Let's look at some alternate tracks.

This is a front-loaded Track, requiring a bunch of stuff to happen before the Plot even kicks into gear. If this was your first Plot of the game, it means that character drama has to come first before all the big bad MC stuff comes in, which feels fitting to the shows. Aang and Katara and Sokka were all way tearing into each other before the Fire Nation ship showed up.
If this is a sub-sequent Plot, the 2 acts as a barrier to starting a lot of Plots, keeping the game focused.

This is a back-loaded Track.
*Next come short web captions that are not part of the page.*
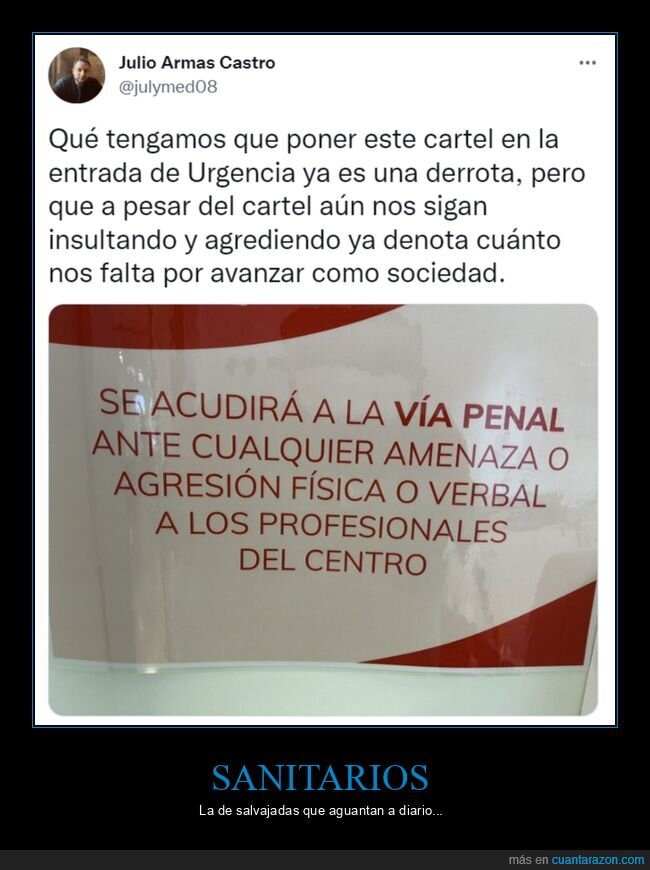urgencias,cartel,agresiones,sanitarios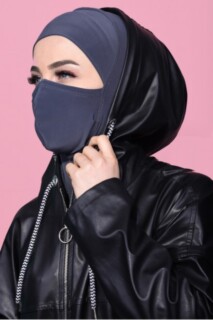 Hijab Sport Masqué Fumé - 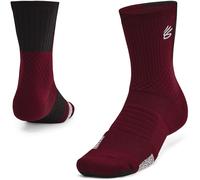 Under Armour Curry Armourdry Playmaker Mid-Crew Socks Adults Rouge Hommes 12+ Male
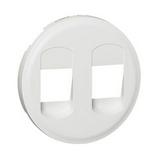 Céliane fedlap sztereó hangszórócsatlakozóhoz műanyag fehér címketartó nélkül LEGRAND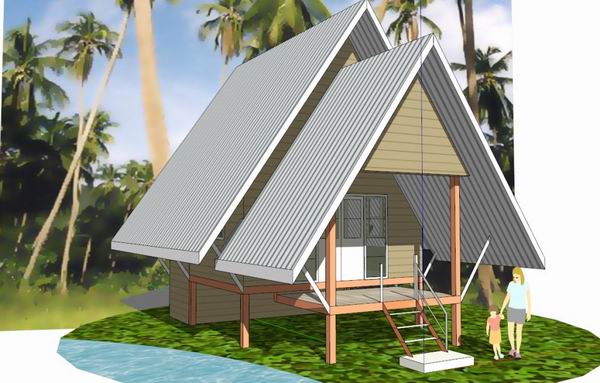 SketchUp Model: Classical-Style Tropical Vacation Home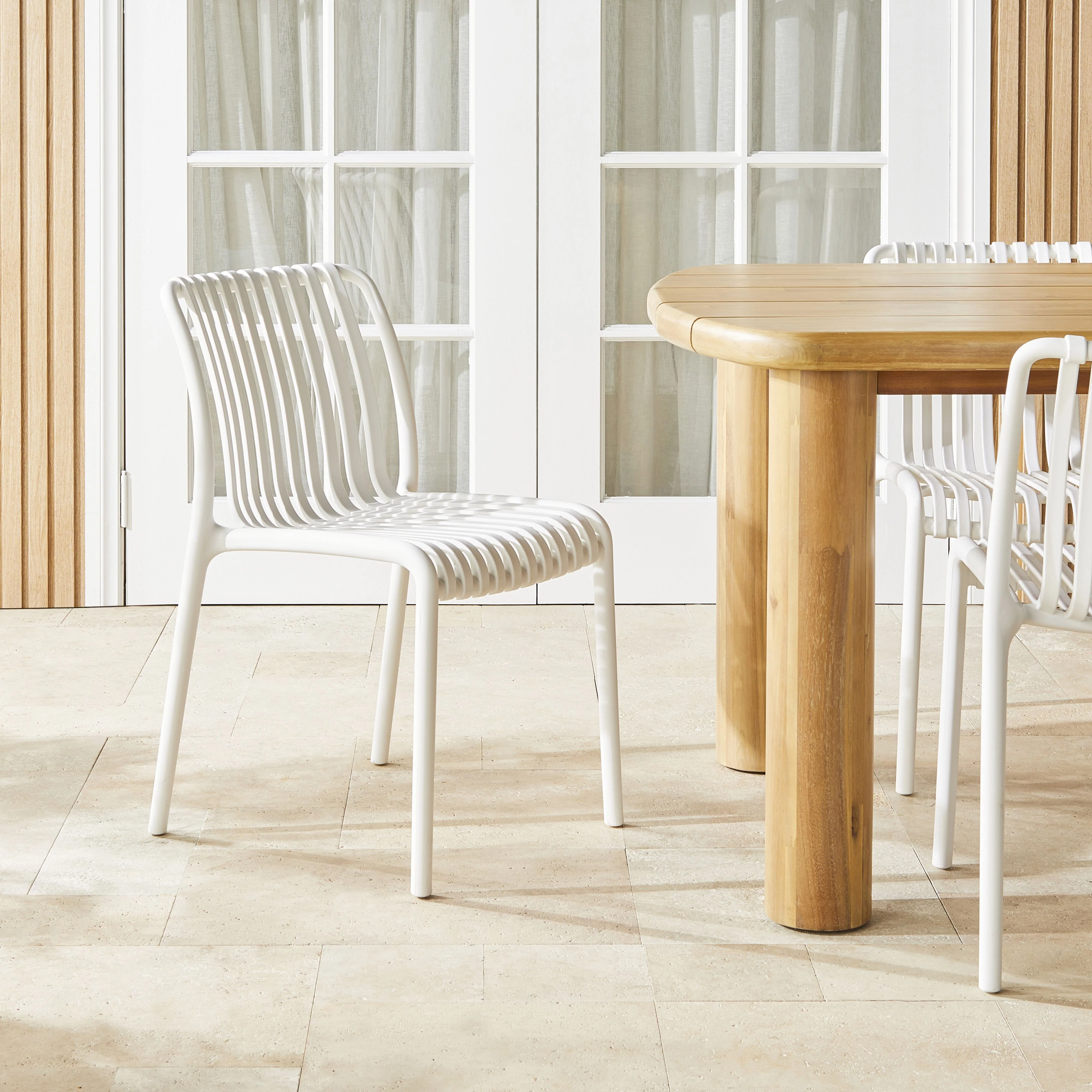 Jesi Dining Chair White - Image 12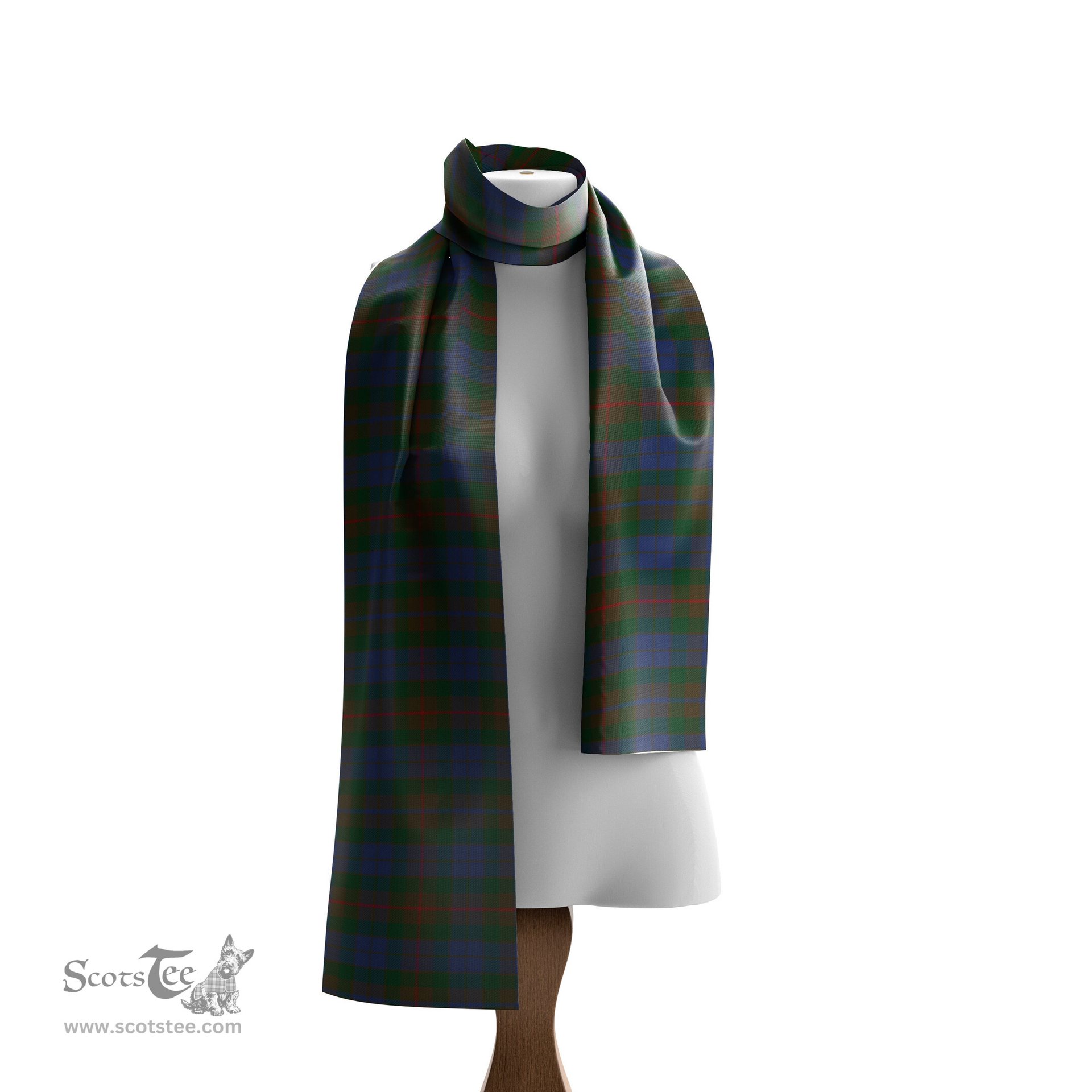 Scottish Buchanan Hunting Tartan Scarf Womens Plaid Silk Scarves Scotstee Shop - Tartan Plaid - scotstee.com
It basically says that it takes an extra bit of trial to trigger the final climax of the Plot, which describes the pattern of a lot of stories in general.
This is probably well-suited to being the track of the Main Plot Arc.

A bookended Track, this is a combination of both of the above tracks, needing a push to start and to go into climax.

A middle-loaded Track, the beginning and end come easily as they're the most dramatic parts usually, with the trials being long and tough.
I go back and forth on whether I like this one.

What if we play with length? This one's 5 steps long. Heck, Apocalypse World ones are 6 long, but I had a hard enough time breaking down the Equalists into just 4 - I don't think I could come up with a good 5th step. Long ones like this are the sort of arc that goes multiple seasons: the entirety of the first show's main arc, Sozin's Comet, was probably 6 steps. Azula's arc was probably 5 long, as was Zuko The Adversary's arc.

A 3 step Tack is probably just right for a lot of Plots, especially if you throw a 2-block in there. Depending on how the group plays, this would probably be pretty good for a double-episode arc - you know, the ones that are two-parters. Siege of the North was probably a 3 step track with a 2-block in the end, "The Fire Nation attacks," "Zuko kidnaps the Avatar" "Zhou kills the Moon."

A 2 step Track might be good for a single episode Plot, but at this size I think it's probably just better to handle with your regular materials instead of prepping a Plot. I just wanted to have it here to talk about, I don't think you should use 2 step Tracks.

All of these leave me with a couple of unanswered questions.
Should I present more of a toolbox approach, with multiple potential Tracks and how to build a Track for your Plot? Or should I find a stable solution (or a couple of them) and present those ones that I find best-suited for the game?
One is more about control and delivering a particular experience, the other allows for greater variation. I'm leaning toward "Toolbox" right now, if for no other reason than it being a lot easier on me, I don't have to try to find the optimal one or two.

Is there another way for the MC to gain Chi?
If presented with a group that doesn't spend their Chi much and likes to level up more, how do Plots advance? The way Fronts move forward in Apocalypse World is either according to fiction ("Have they been left alone long enough to get this done by now?") or through hard moves. The first is a bit of a no-brainer - I think the fiction probably supercedes the mechanic there. But hard move to advance, I dunno. Instead, I kinda think a good hard move might be for the MC to gain Chi - this means that if they really want to advance their Plots, they can, but it means being a bit softer on the players for the moment. And, functionally, it'll be the same most of the time, since Tracks are usually mostly composed of 1-blocks.
But by giving MCs this additional pathway, am I cutting off what I'm doing with the pacing at the knees? I dunno. That's why this is unanswered!